Items from a dataset
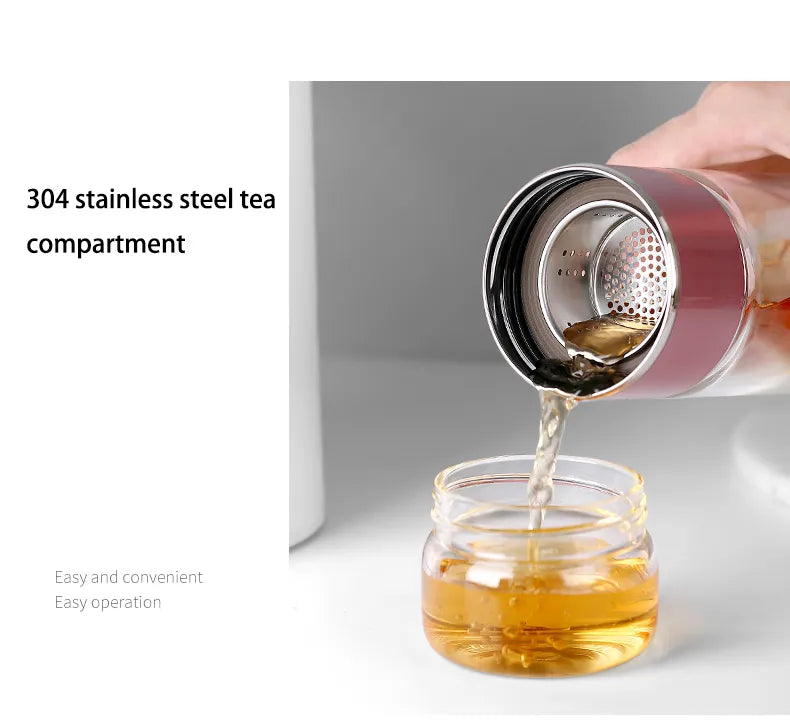Glass Tea Infuser Bottle Double Layer Tumbler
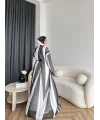 Kyl - Madella Şallı Abaya - Siyah - Beyaz
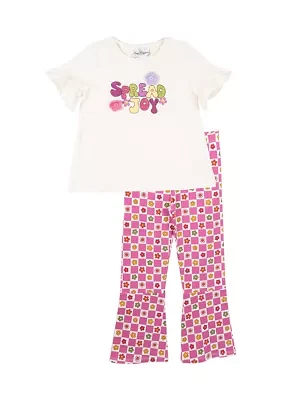 Toddler Girls Spread Joy Graphic T-Shirt and Printed Leggings Set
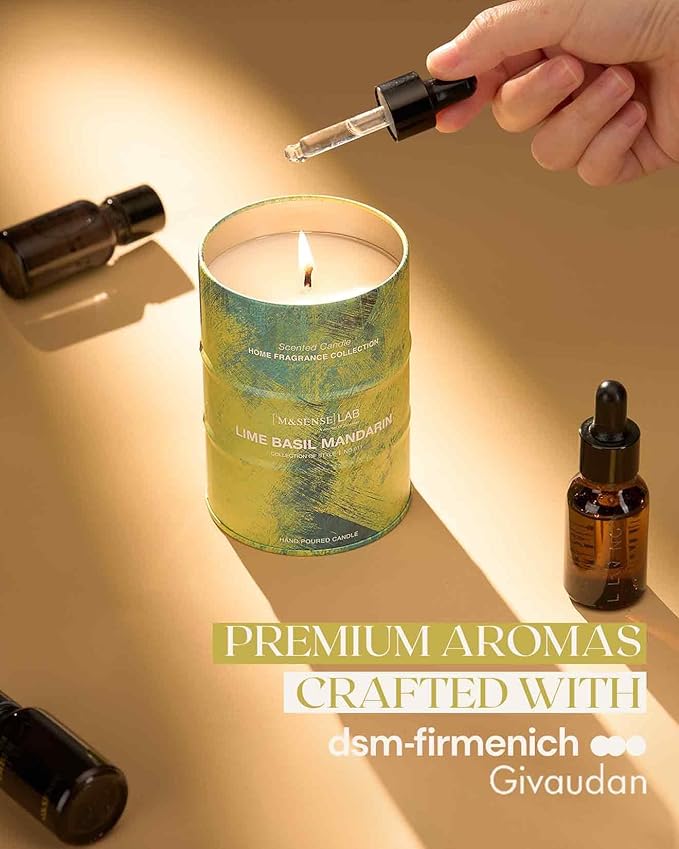 M&SENSE Lime Basil Mandarin Scented Candles Natural Non Toxic, Aromatherapy Candle for Stress Relief Meditation Relaxing, Housewarming Gifts for Women Men, 11.3oz 70 Hour Long Burning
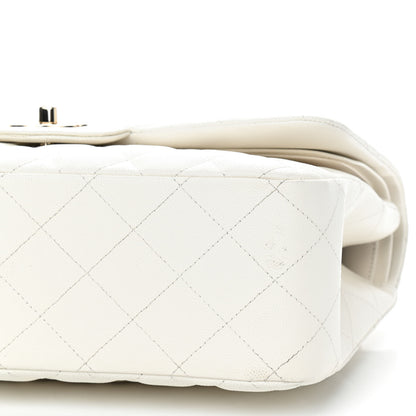 Chanel Caviar Quilted Jumbo Double Flap White 7 of 10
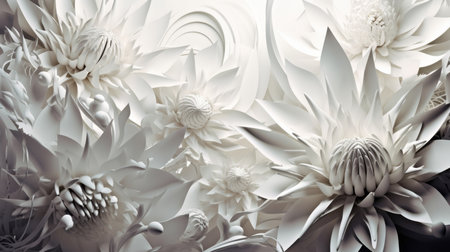 White floral texture background in paper cut techniqueの素材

▶ **PROBLEM DETAILS**
Would you set down every line of the data above exactly, skipping the pictures?

▶ **EXERCISE OUTPUT**
Glass Tea Infuser Bottle Double Layer Tumbler
 Kyl - Madella Şallı Abaya - Siyah - Beyaz
 Toddler Girls Spread Joy Graphic T-Shirt and Printed Leggings Set
 M&SENSE Lime Basil Mandarin Scented Candles Natural Non Toxic, Aromatherapy Candle for Stress Relief Meditation Relaxing, Housewarming Gifts for Women Men, 11.3oz 70 Hour Long Burning
 Chanel Caviar Quilted Jumbo Double Flap White 7 of 10
 White floral texture background in paper cut techniqueの素材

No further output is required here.